Ciao, chi ha visto questo film?
Io dopo averlo tanto cercato l’ho visto ieri, grazie a Iper.
Sinceramente mi aspettavo un film più forte, più denso. L’ho trovato invece un po’ meccanico, un po’ rozzo. Non tanto per le scenografie e il technicolor di basso budget, che talvolta nella loro disomogeneità offrono grandi sorprese. Ma per lo sviluppo della storia, che parte con una serie di flashback portando l’eroe, spinto da vendetta, nel covo dei malviventi.
C’è una scena, a montaggio ‘emozionale’, che mostra in primo piano uno dopo l’altro i volti dei possibili assassini, che mi ha tanto ricordato la partenza della mandria ne Il fiume rosso di Hawks. In questo film però la scena mi è apparsa posticcia, finta, come se uno stilema fosse riusato ‘a effetto’ senza ottenere la potenza di Hawks. Certo lì si trattava di azione qui di psicologia, ma il risultato di Lang mi è sembrato assai piatto, se non ridicolo.
Certo, è bellissima l’idea della canzone ‘motivetto’ che accompagna tutto il film e mostra una sequnza di montage che parte da un dialogo a tre con inevitabile effetto di straniamento.
Ma il paragone di Mymovies con Johnny Guitar, uno dei miei western preferiti, secondo me proprio non è azzeccato. Al di là della presenza scenica/attoriale della Dietrich, che ride di gioia e fulmina con lo sguardo di ghiaccio a distanza di un taglio di montaggio, il barocco citato mi pare proprio svuotato di senso.
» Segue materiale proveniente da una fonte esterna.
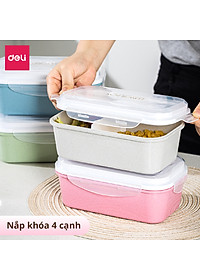 Hộp Cơm Trưa Văn Phòng Lúa Mạch Deli - 2 Ngăn Linh Hoạt Có Thể Sử Dụng Trong Lò Vi Sóng Chống Tràn An Toàn, Hộp Đựng Cơm Tặng Kèm Thìa Dĩa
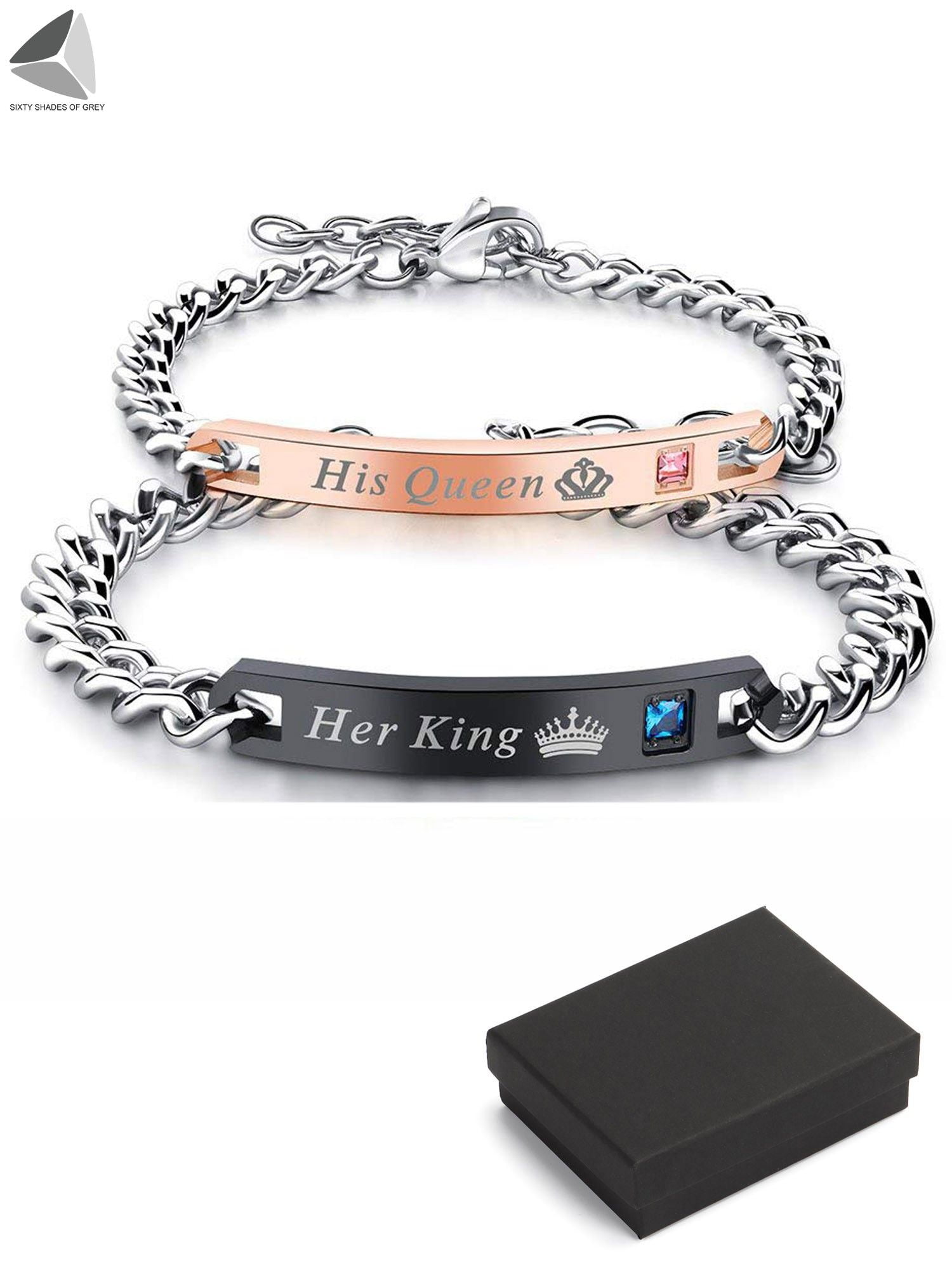 His Or Hers Matching Set His Princess Her Prince Titanium Stainless Steel Couple Bracelet In A Gift Box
Certo è anche questione di decor e quindi di budget. Ma il rifugio di Vienna in Johnny Guitar è una caverna di abiti bianchi, pareti di pietra, lampadari luccicanti. Il Mulino d’oro nulla ha di barocco, ma, se mai, la sua forza è quella della ‘dead town’ Todos Santos degli Amanti della città sepolta di Walsh, senza però quel suo forte carattere decadente.
Molto più azzecato il paragone con Johnny Guitar sarebbe stato per la presenza di una donna, disinibita, emancipata, che gestisce il suo tempo e la sua vita (anche se il carattere della Dietrich credo abbia ispirato molto più Jessica Drummond di Quaranta pistole di Fuller che Vienna) .
Insomma, mi chiedo, se non ci fosse la Dietrich che ne sarebbe di questo film che a detta di Lang stesso (nell’ottimo libro intervista di Peter Bogdanovich: il cinema secondo Fritz Lang) è stato prodotto con molte difficoltà (tra le quali il suo rapporto difficile con la Dietrich) e rimontato senza il permesso dell’autore?
Gran bel film. Film che ha poco a che fare con il “western” che ci si dovrebbe aspettare, ma molto a che fare con le tematiche e lo stile di Lang, ma questo è piuttosto ovvio per chi ha la ventura di apprezzare Lang e questa sua innovativa e riuscita fatica.